Joseph Zoderer wird 85. Andere sind dann alt. Zumindest in seinem Schreiben, in seinem Dichten ist es Joseph Zoderer nicht. Seine Lyrik ist eine glühend heisse Stimme. Die Stimme eines Mannes, der Jahrringe wie Schmuck um sich trägt, Geschichte, Wissen, Erfahrungen, tiefes Empfinden darin verborgen.

Vor einigen Tagen stand ich in einer kleinen Bar zwischen meinen Musikerfreunden Christian Berger und Domonic Doppler, der eine mit seinen Gitarren, der andere hinter seinem Schlagzeug. Zu dritt gaben wir dem vierten eine Stimme, dem Dichter aus Bruneck im Südtirol, dem nie alten Mann, der im kommenden November an einem Sonntag die Stadt St. Gallen besuchen wird, uns und die Stadt mit seiner Dichtung zu beschenken.

Der Abend in der kleinen B-Post-St. Gallen-St. Georgen war die Stimmung da hinein, ein weiterer Schritt in einem Abenteuer, auf einem Tauchgang in Sprachtiefen.
Es begann vor mehr als einem Jahr, als ich wusste, ich würde einen Sommer in Südtirol, in Meran verbringen. Ich würde Zeit haben zu schreiben. Ich deckte mich zu mit Stoff, wenn aus mir nichts gedeihen würde, suchte nach Stimmen aus der Gegend rund um Meran und stiess auf den Dichter, der in einer alten Fabrikantenvilla in Bruneck den Fäden seiner Sprache nachspürt.
Ich las Romane, Erzählungen und irgendwann auch seine Gedichte, die mich trafen wie ein sanfter Blitz, dessen Leuchten blieb, sich der Nachglanz seiner Sprache im Alltag nie ganz verlor.
Ich las seine Gedichte immer wieder, las sie vor, meiner Frau, meinen Freunden und irgendwann den beiden Musikern, bei denen sofort klar war, dass sie der Musik mehr als offen stehen.

Liebesgedichte eines alten Mannes, als wäre alle Liebe in ihm geblieben, voller Sehnsucht und Leidenschaft. Nichts spürbar von abgeklärter Müdigkeit, von vergeistigter Distanz, von sprachlichem Snobismus. Seine Sprachbilder formen mit der Musik der beiden Musiker Räume, die über den Text hinauswachsen.

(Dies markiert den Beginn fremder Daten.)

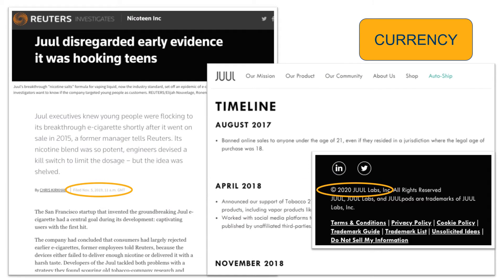Determining the currency of a web-based source can sometimes be tricky. While some websites may provide exact dates like news sources, others do not. Scroll down to see if there is a date when the site was last updated. Remember that just because the page was updated recently doesn't mean the specific information has. Double-check facts, figures, and statistics with other sources to verify their validity and reliability.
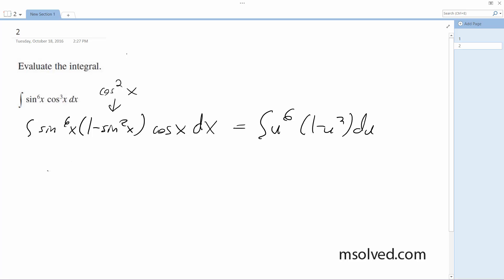Okay, so integrate this. I get u to the 6th minus u to the 8th du, is equal to one-seventh u to the 7th minus one-ninth u to the 9th plus C.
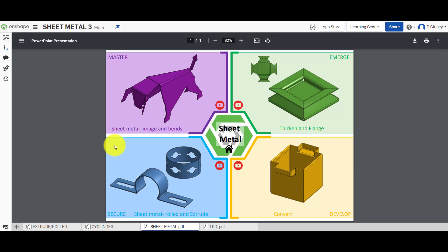Welcome to this Onshape tutorial. Today we're going to look at the sheet metal features in Onshape and we're looking at these designs in the bottom left hand corner.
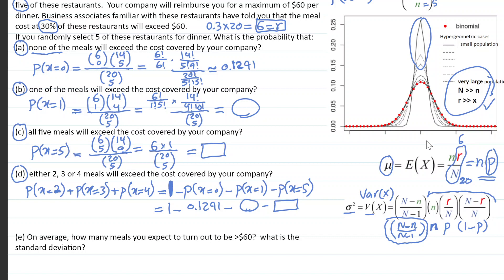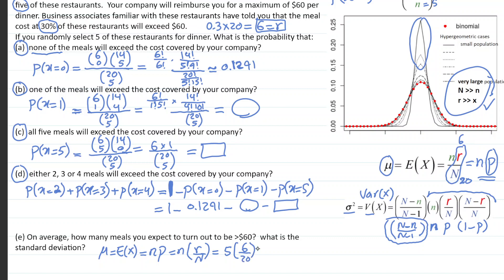Now part E: on average, how many meals do you expect to exceed $60? Mu equals the expected value, which is n times p where p = R over N. You're running the experiment five times picking five restaurants, and you have 6 expensive restaurants out of 20 total. So mu = 5 times (6/20) = 30/20 = 1.5. On average, when picking five restaurants, you end up with 1.5 expensive restaurants.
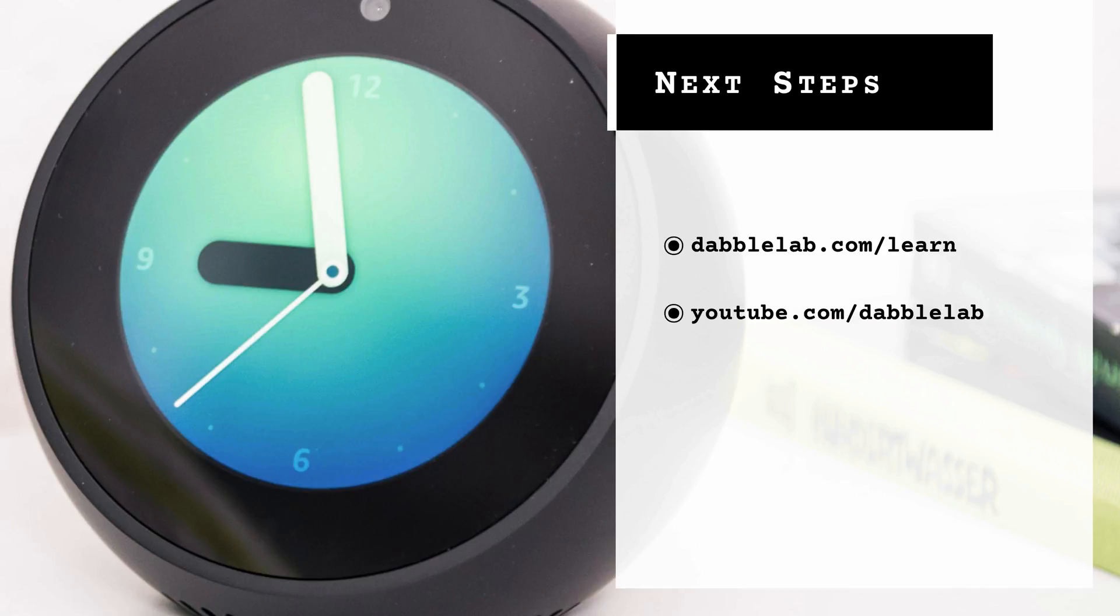Next, you'll want to check out the dabblelab YouTube channel at youtube.com/dabblelab. There you'll find over 50 Alexa development tutorials that complement this course.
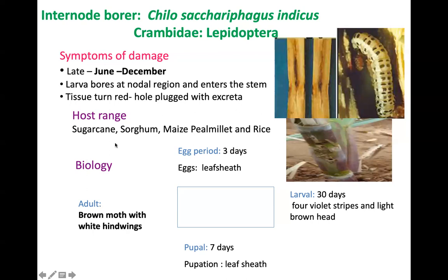Considering the biology of internode borer: the adult is a brown-colored moth with white hindwings. Egg period lasts three days, and eggs are laid on the leaf sheath. Larval duration is 30 days. Larvae can be identified by four violet stripes and a light brown head — one dorsal stripe, two lateral stripes on either side.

Joseph Zoderer wollte im kommenden November mit Ariane von Graffenried, Wolfgang Herrmann und Thilo Krause und zusammen mit den Musikern Christian Berger (Gitarren) und Dominic Doppler (Schlagzeug) St. Gallen besuchen. Internationale Tage für Musik und Poesie im Theater 111, an der Grossackerstrasse in St. Gallen. Vier Veranstaltungen, die Lyrik auf ganz besondere Weise performen, vier Stimmen, die sich mit Musik vermählen. Leider ist Joseph Zoderer aber erkrankt und kann die Reise nicht antreten.

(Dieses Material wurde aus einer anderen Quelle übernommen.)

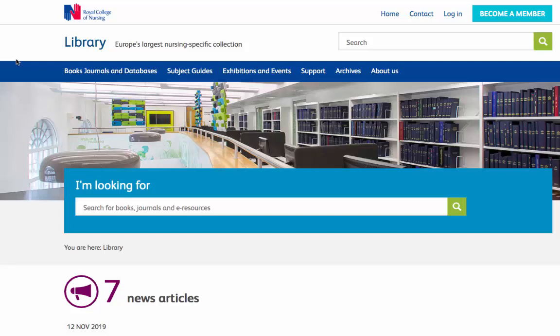Hi there, it's Alan here from the RCN Library and Archive team with another one of our library video tutorials. Today we're going to have a look at the CINAHL database and how you can carry out a search.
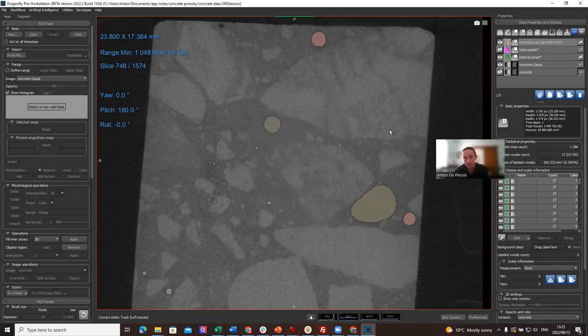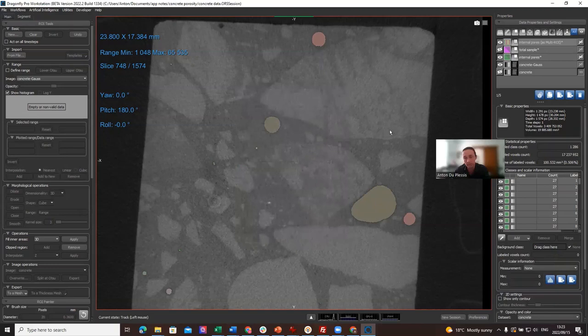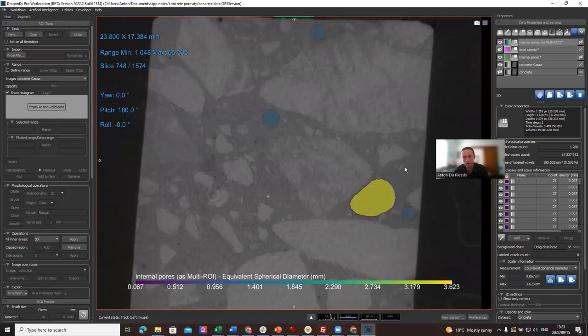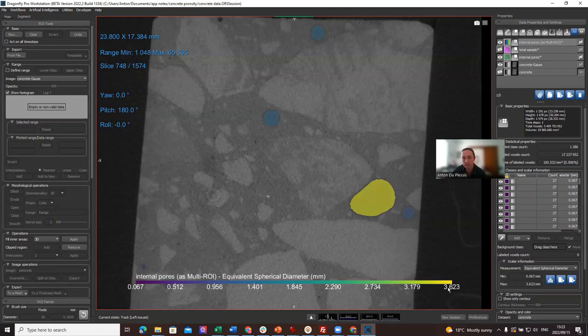Nothing is still color-coded. We need to come down at the bottom here and select, for example, Equivalent Spherical Diameter. Now we can see the pores are color-coded according to this lookup table, which is blue, purple, blue, green, and yellow. And the largest pore is yellow, and the largest pore in the volume is 3.6 millimeters in diameter.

Für Joseph Zoderer reist die junge Schweizerin Michelle Steinbeck mit ihrem Gedichtband «Eingesperrte Vögel singen mehr» von Hamburg nach St. Gallen. Seien sie sicher, an diesem Sonntag schlägt Lyrik ein!

Reservieren Sie:
Sonntag, 10. November, 11h: Wolfgang Hermann
Sonntag, 17. November, 11h: Michelle Steinbeck
Donnerstag, 21. November, 20h: Ariane von Graffenried
Sonntag, 24. November, 11h: Thilo Krause

Michelle Steinbeck «Eingesperrte Vögel singen mehr», Volant & Quist

2016 sorgte Michelle Steinbeck mit ihrem Debüt «Mein Vater war ein Mann an Land und im Wasser ein Walfisch» für Aufregung, kam damit auf die Listen des Deutschen und Schweizer Buchpreises. Nun erscheint bei Volant und Quist ihr erster Lyrikband. Mit Sicherheit auch dies ein Buch, das aufmischen wird!

Vor längerer Zeit hörte ich Michelle Steinbeck an den Lyrikfestival «Neonfische» in Lenzburg aus ihren Gedichten vorlesen.

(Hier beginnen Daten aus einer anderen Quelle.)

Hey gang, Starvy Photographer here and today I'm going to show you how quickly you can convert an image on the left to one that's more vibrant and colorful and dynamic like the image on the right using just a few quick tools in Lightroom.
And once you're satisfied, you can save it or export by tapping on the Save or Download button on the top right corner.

Deine Gedichte entsprechen gar nicht dem, was Gedichte sehr oft suggerieren, diesen verklärenden, romantisierenden Blick auf die Welt. Du bist erfrischend „hemmungslos“, ungewohnt direkt. Irgendwie ein Kontrast zu deinem Roman „Mein Vater war ein Mann an Land und im Wasser ein Walfisch“, wo die Bilder sehr oft ins Surreale kippen. Willst du “aufmischen»?
Klar, immer aufmischen! Nein im Ernst: Ich habe ein anderes Bild von Lyrik, als du hier beschreibst. Von der zeitgenössischen Szene, aber auch sonst. Was ist denn z.B. mit einer Kaleko? Aber es stimmt: Ich habe mich in diesem Format sehr frei gefühlt. 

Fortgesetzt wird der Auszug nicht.